Yine geldi yıl sonu ve yine koca bir yılı arkamızda bırakarak, kimbilir bizleri nelerin beklediği, bir yeni yıla daha gireceğiz. Giden bir yıl değil aslında, bizim ömrümüzden kayıp giden bir yaprak daha.
Şöyle bir arkama dönüp baktığımda biz önceden ne kadar mutluymuşuz. Çok varlıklı ve çok ilerlemiş bir ülke değilken. Çok mutlu ve huzurluymuşuz da bunun farkında değilmişiz. Azıcık aşımız kavgasız başımız varmış meğer. Oturduğumuz yerde kimse huzurumuzu kaçırmıyormuş. Her gün, bugün yine ne olacak? Ne gibi kötü bir sürprizle karşılaşacağımızı bilmeden ve her gün millet olarak karşılaştığımız onlarca hatta yüzlerce sorunla boğuşarak yorulmak, yorulduğumuz gibi, bir o kadar sorunla daha karşılaşmak insanların insan olacak halini bırakmadı. Sanki sırtımızda ağır bir yük, bir köprüden geçmeye çalışıyoruz ama nasıl? O yük sırtımızı acıttı, acıttıkça daha çok ağırlaştı atmak istiyoruz ama bir türlü düşmüyor sırtımızdan!
Hatırlıyorum da tüp kuyrukları olurdu, kahve kuyrukları, margarin kuyrukları birçok şeyin kuyruğu olurdu ama biz cebimizde paramız o kuyruklarda insanlarla güler konuşur, halimize bakar, rahat rahat iktidarın dedikodusunu yapar, dertleşirdik. İstediğimiz gibi güler kendimizle, kuyruklarımızla eğlenirdik. Şimdiki gibi mutsuz değildik. Ne ülkemizi rant için yakanlar, ne jeotermaller, ne Suriyeliler, ne kadın cinayetleri ne çocuklarımıza tecavüz edenler vardı. Teknolojiden uzakta, ne kocaman renkli televizyonlarımız vardı, ne cep telefonlarımız. Sevgililer gözleriyle iletişim kurarlardı. Şimdikilere söylesek de inanmazla da! Öyleydi işte.

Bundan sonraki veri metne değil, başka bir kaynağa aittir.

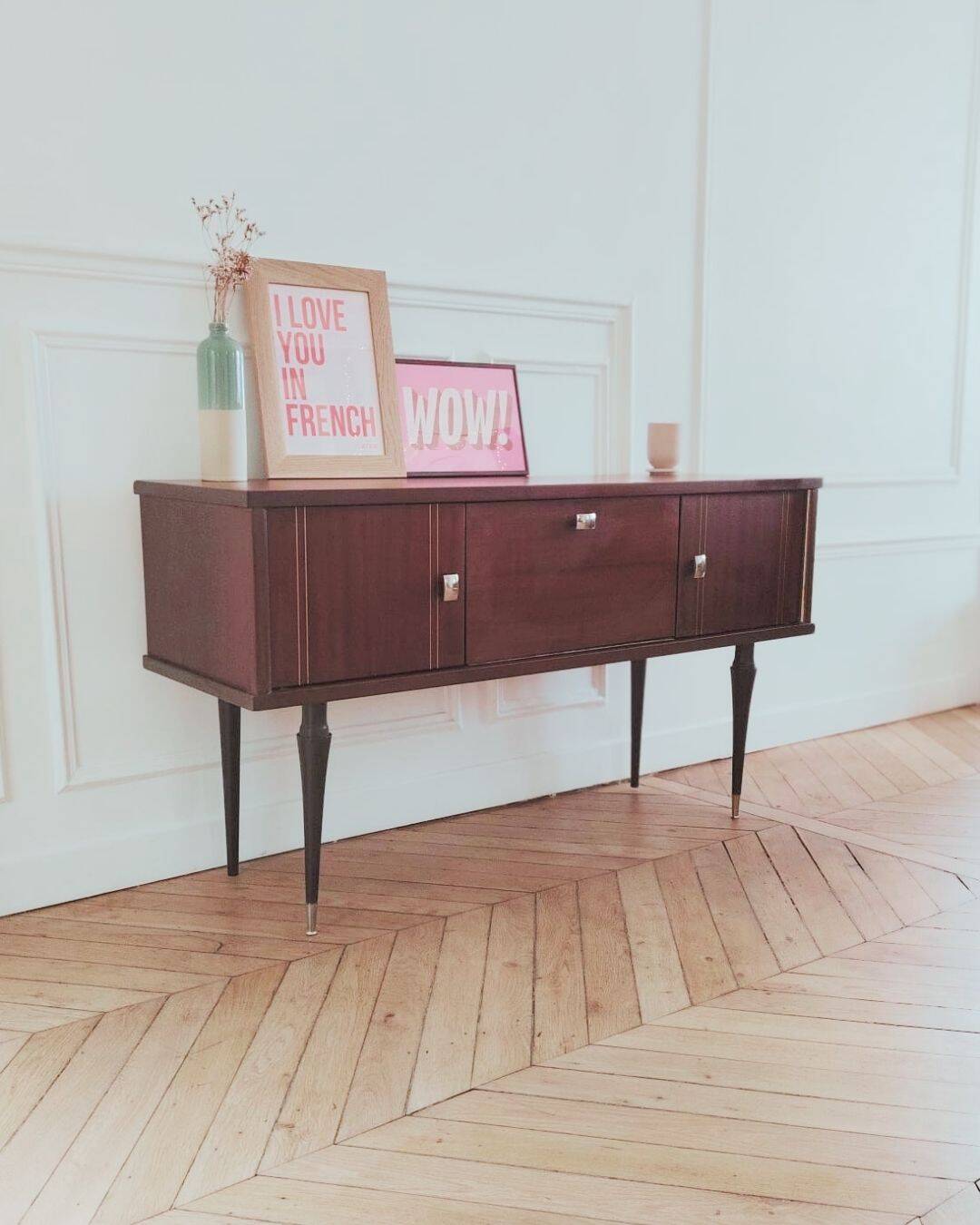 TV unit / small renovated vintage sideboard, 1950s-60s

Şimdi daha yeni yıla girmeden önce zam müjdeleri geliyor ona da bir kılıf bulup ‘’güncelleme’’ dediler. Vatandaşın ülkenin yarısı aç. Eskiden cebimizde paramız vardı kuyruğa girip alabildiğimiz her şeyi şimdi parasızlıktan ve pahalılıktan alamıyor insanlar. Gücümüz dermanımız kalmadı uğraşmaktan. Biri bitmeden öteki başlıyor ne ile mücadele edeceğimizi şaşırdık şimdi de ‘’Kanal İstanbul ’’ çıktı başımıza. Daha kaz dağlarının ateşi sönmemişken. SAHİ, NE OLDU KAZ DAĞLARI? BİLENİNİZ VAR MI?
Oysa ne kadar çok isterdim güzel, keyifli bir şeyler yazmak ama olmuyor. Yaşadığımızı ve gördüklerimizi yazmak zorunda kalıyoruz. Ülkenin gerçekleri bunlar başka neyi yazacağız? İspanya yı mı yazayım? Ya da Danimarka’yı mı? Eldeki kumaş bu biz de bunu yazıyoruz!
Gireceğimiz önümüzdeki yılda da neş’esiyle acısıyla, güzellikleriyle, kötülükleri, iyilikleriyle geçirilecek bir zaman dilimi bizi bekliyor. Umudumuzun bitmemesini istiyor gönlüm de, zaman zaman karamsarlığa kapılıyorum. Ama bu ülkeyi seven bunca insan var, bu kötülükleri yapanların karşısında. İşte bütün umudum onlar. BU ÜLKEYİ CANINDAN ÇOK SEVEN TÜRK MİLLETİ!
O YÜZDEN UMUTLARIM BİTİYOR SANDIĞIM YERDE, YENİDEN YEŞERİYOR!